WORK INSTRUCTIONS:
Write out the listing below character for character, though without its pictures.

[DATA EXTRACT]

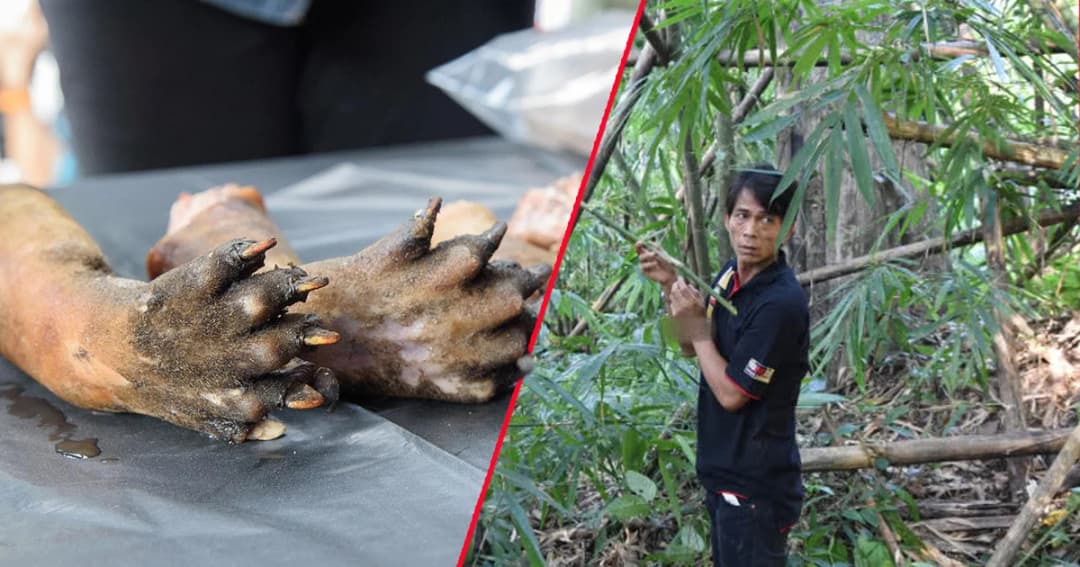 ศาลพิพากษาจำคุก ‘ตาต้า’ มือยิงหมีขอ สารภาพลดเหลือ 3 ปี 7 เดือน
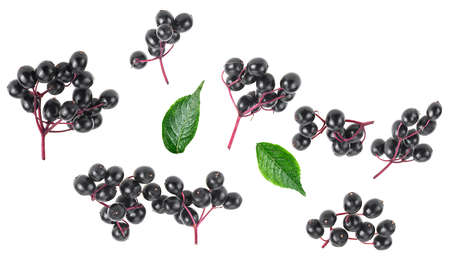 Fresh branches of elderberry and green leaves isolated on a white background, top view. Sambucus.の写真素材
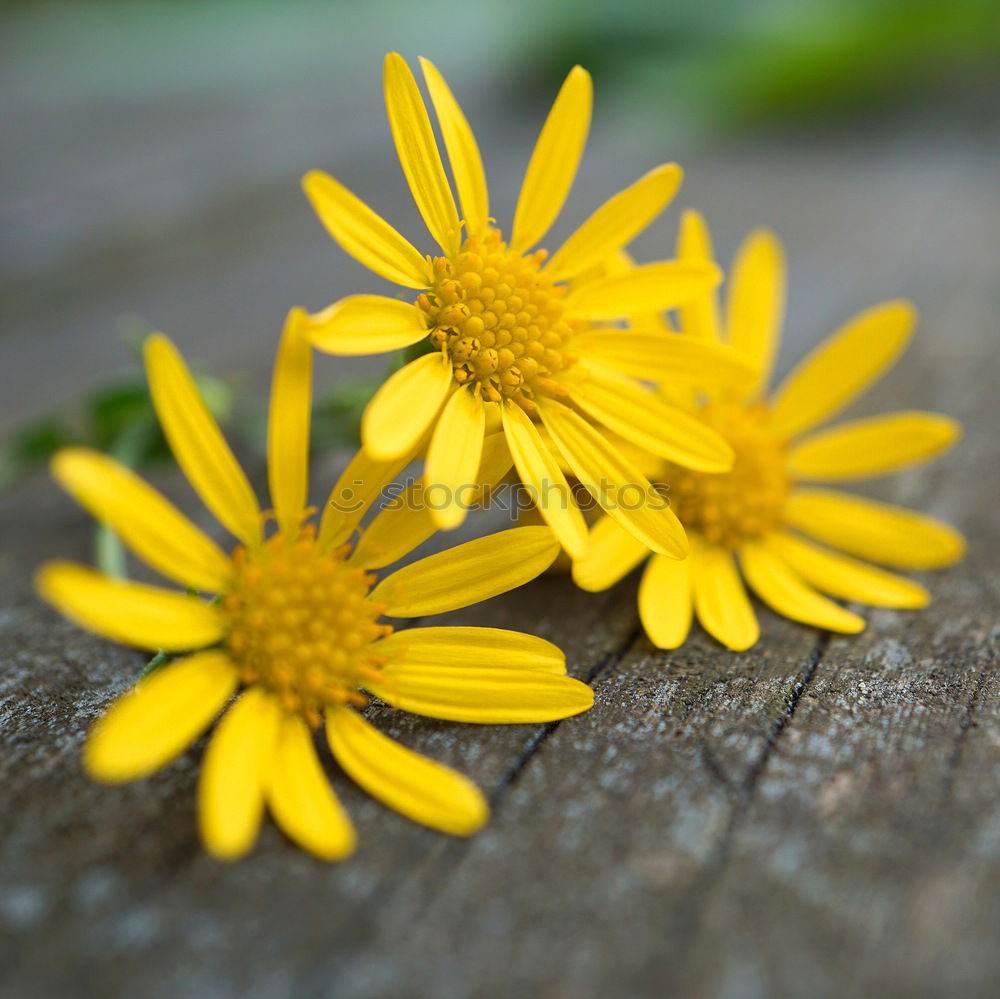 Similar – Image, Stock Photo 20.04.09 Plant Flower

[/DATA EXTRACT]

EXPECTED ANSWER:
 ศาลพิพากษาจำคุก ‘ตาต้า’ มือยิงหมีขอ สารภาพลดเหลือ 3 ปี 7 เดือน
 Fresh branches of elderberry and green leaves isolated on a white background, top view. Sambucus.の写真素材
 Similar – Image, Stock Photo 20.04.09 Plant Flower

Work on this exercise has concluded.